山形警部は、博士にすがりついて、いよいよ気が変になったようになって頼みこむ。それを見るに見かねて氷室検事も口ぞえをして、博士に頼んでみた。
ようやく博士は、こういった。
「それほどいわれるならば、いつしかわしの気持ちが非常によくなり、からだの調子も上々の日に、思いきって手術をしてあげよう。それまではおとなしくして待ちなさい」
これだけの口約束《くちやくそく》が、山形警部をたいへん喜ばせた。彼はもとのからだに戻る希望を持てる身になったのである。
三角岳《さんかくだけ》メトロポリス
それ以来、X号の乱行は、まったく見られなくなった。
そうでもあろう、X号の本尊である電臓は、谷博士の手によって死刑囚火辻の遺骸《いがい》から取りだされ、そして活動を停止され、博士の冷蔵室の中に、厳重に保存されてあるのだ。

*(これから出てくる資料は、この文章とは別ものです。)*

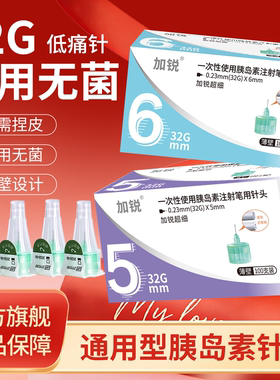 加锐胰岛素针头5mm通用型32G4mm胰岛素注射笔针头6mm诺和秀霖通用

火辻の遺骸は、あのとき氷室検事の一行が引きとっていった。
これでもうX号の活動は完全にとまってしまったわけである。
谷博士は日ましに元気になっていった。そして博士があのとき氷室検事にちょっともらしたとおり、このあたりの村々を栄えさせるための空前《くうぜん》の大事業に手を染めたのだった。
まず、道路の修築《しゅうちく》が始まった。
山を切りとり、崖《がけ》を補強《ほきょう》し、傾斜《けいしゃ》のゆるやかな道路を作っていった。どんなせまいところでも六メートルの幅《はば》を持っている道路をこしらえた。重要な道路は幅が三十メートルもあった。

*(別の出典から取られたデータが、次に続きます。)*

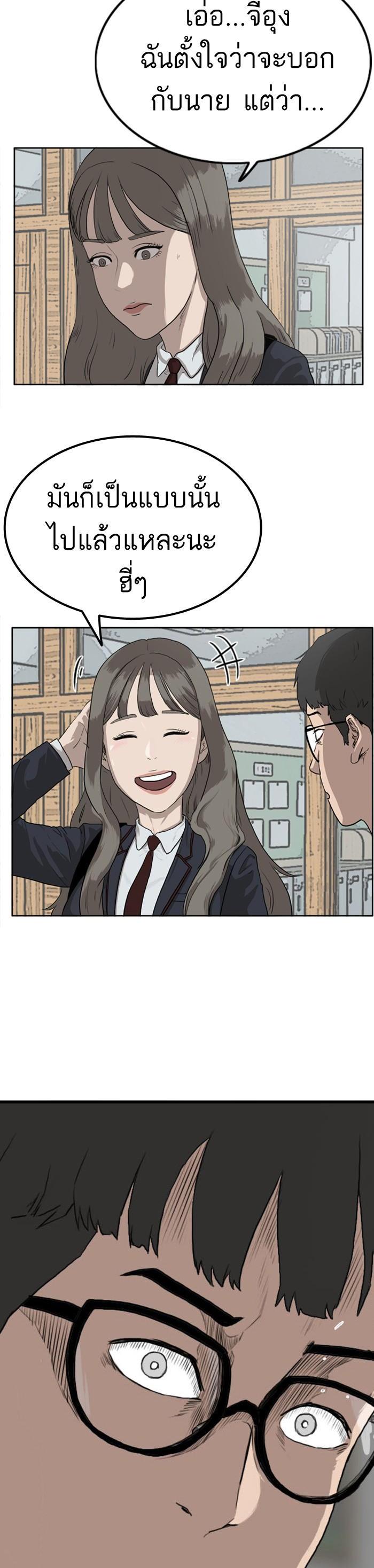 Manga-lc-com อ่านมังงะ อ่านการ์ตูน ออนไลน์ ฟรี Bad Guy ตอนที่ 1 2 3 4 5 6 7 8 9 10 11 12 13 14 ฟรี ไม่มีโฆษณา Manga-lc - อ่าน มังงะ อ่าน การ์ตูน ออนไลน์ อ่านมังงะ ฟรี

こんな道路を作るために、大じかけの土木工事《どぼくこうじ》が行われた。資材も、びっくりするほどたくさんいった。道路とともに、橋もこしらえねばならず、トンネルも掘らねばならなかった。
こういう仕事を、谷博士が、全部自分で引きうけてやった。
もっとも、博士が一人でやったのではなかった。働いたのは、博士が製造した機械人間《ロボット》たちだった。
谷博士に化けていたX号も機械人間を作って売りだした。今、谷博士も、同じようにたくさんの機械人間を製造した。どっちも同じことをやった。しかしこんど谷博士の作りだした機械人間は、非常によく働き、そして正確に行動した。からだの大きさも、ずっと大きかった。顔は同じような機械的な円い同じ目鼻をつけた顔であったが、博士の作った機械人間は、滑稽《こっけい》でとぼけた童子《どうじ》のような顔つきをしていた。だから村人たちから親しみの目で見られた。

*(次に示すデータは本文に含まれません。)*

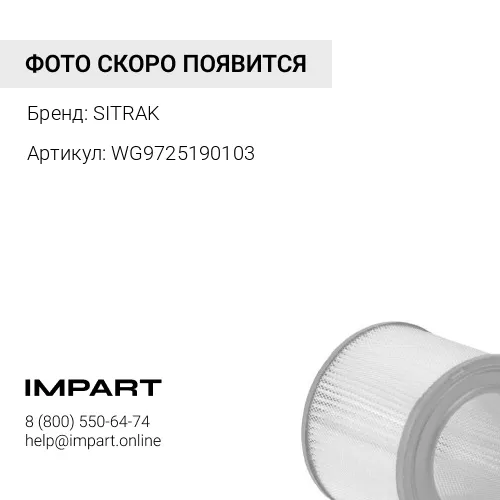 WG9725190103 Фильтр воздушный EURO-4 SITRAK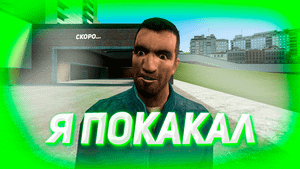 ПРИКОЛЫ ГАРРИС МОД( считайте недо_блогер 2 )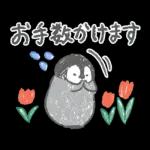 ねこぺん日和 クレヨンタッチスタンプ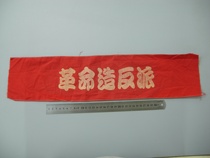 Revolutionary rebel armbands are particularly long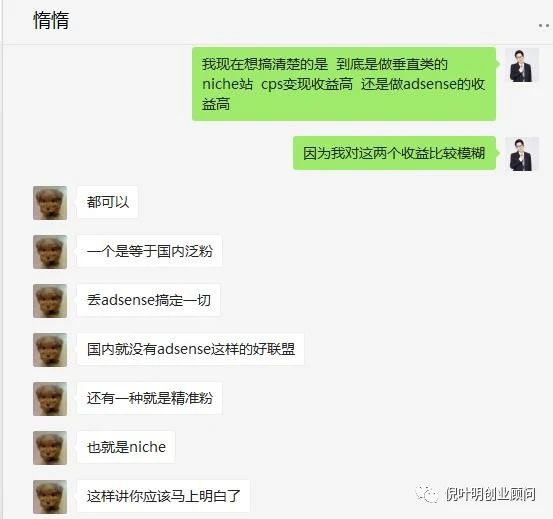 国外网站赚钱第2张 国外网站赚钱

こうして道路ができあがると、こんどは土地の人のために、すばらしい家を建ててあたえた。
地上は五階もあり、地階が三階あるのが普通であった。耐火耐震《たいかたいしん》の構造を持っているばかりか、冬季には寒がらないで住んでいられ、家の中は春秋と同じようにらくに仕事や生活ができるように、べんりで能率のいい暖房装置《だんぼうそうち》が建物についていた。
農民たちや炭焼きや猟師《りょうし》たちが喜んだことは、いうまでもない。
この大建築事業も、たくさんの機械人間が使われ、博士はいつも指揮《しき》をとっていた。